§ RECORDED DATA:
★ ★ ★
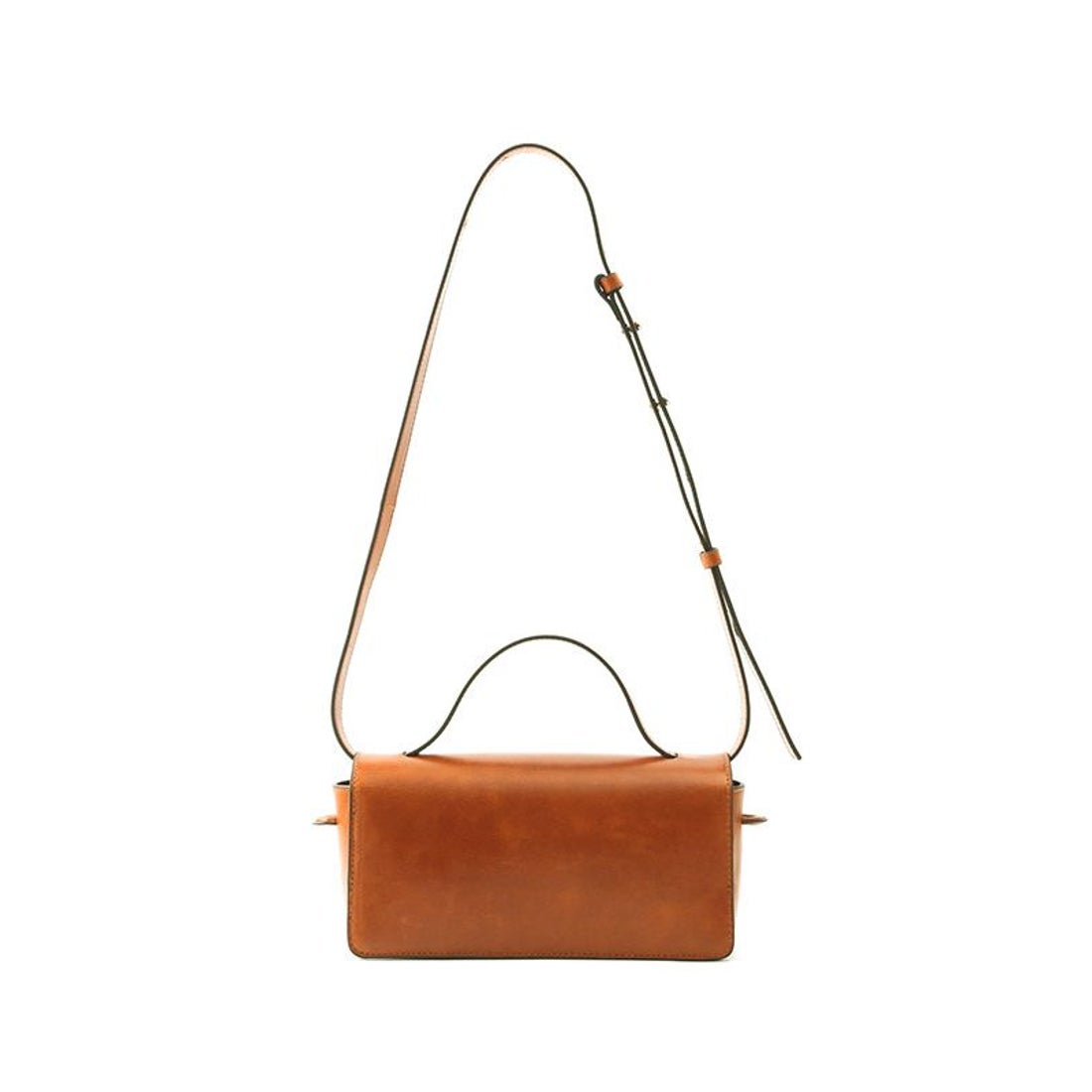 エトレトウキョウ ETRE' TOKYO ランドスケープミニショルダーバッグ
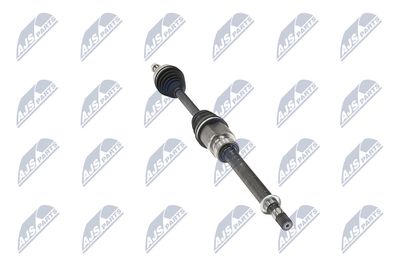 PLANETARA NTY NPWRE187 32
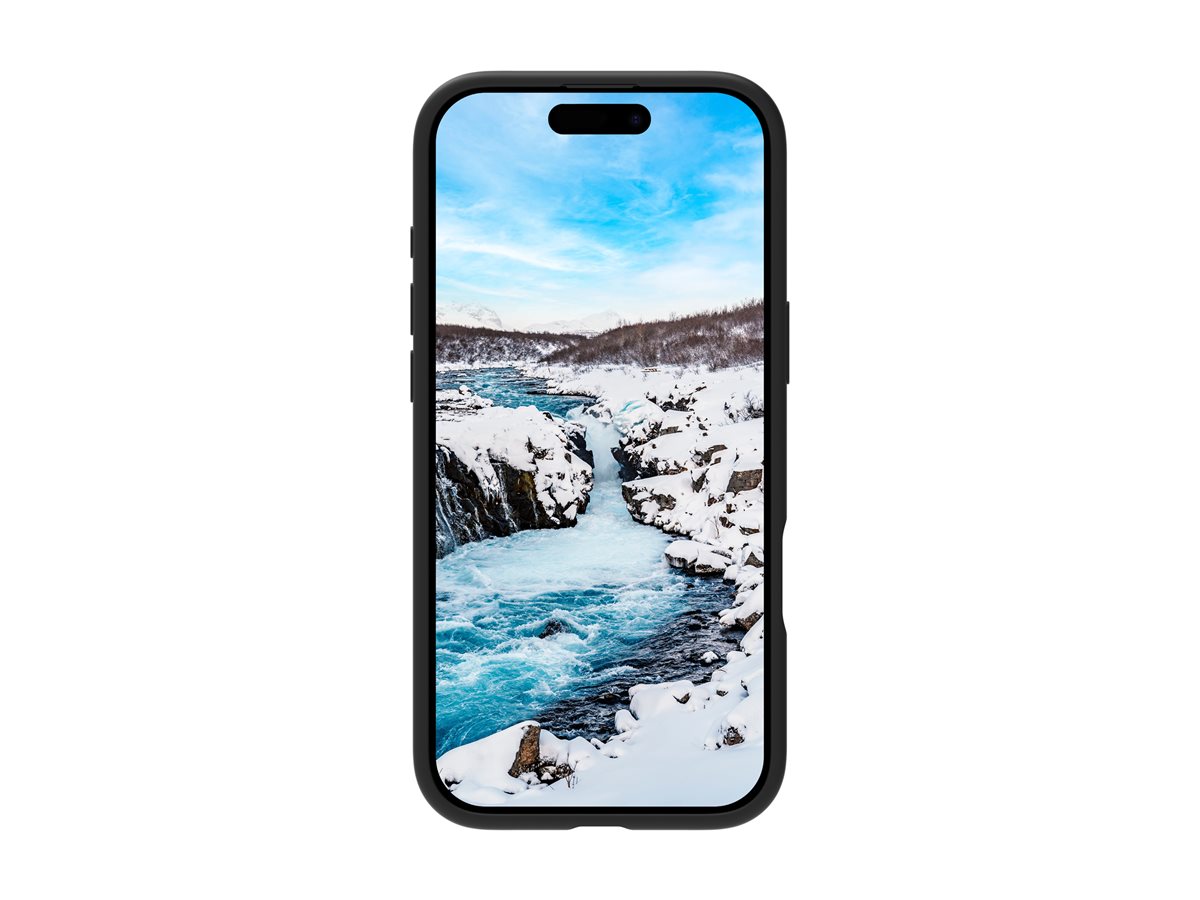 MonacoMS-iPhone17Air-NightBlack – foto 5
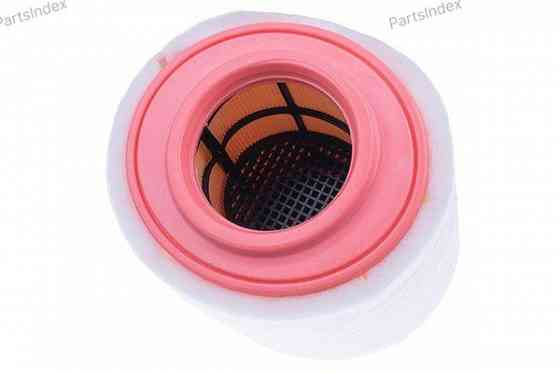 Фильтр воздушный Denckermann A146973 Тбилиси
★ ★ ★
Reproduce the lines of the listing exactly, starting at the one that contains "PLANETARA NTY NPWRE187 32" and continuing through the final line, but leave out the pictures.

§ YOUR SOLUTION:
 PLANETARA NTY NPWRE187 32
 MonacoMS-iPhone17Air-NightBlack – foto 5
 Фильтр воздушный Denckermann A146973 Тбилиси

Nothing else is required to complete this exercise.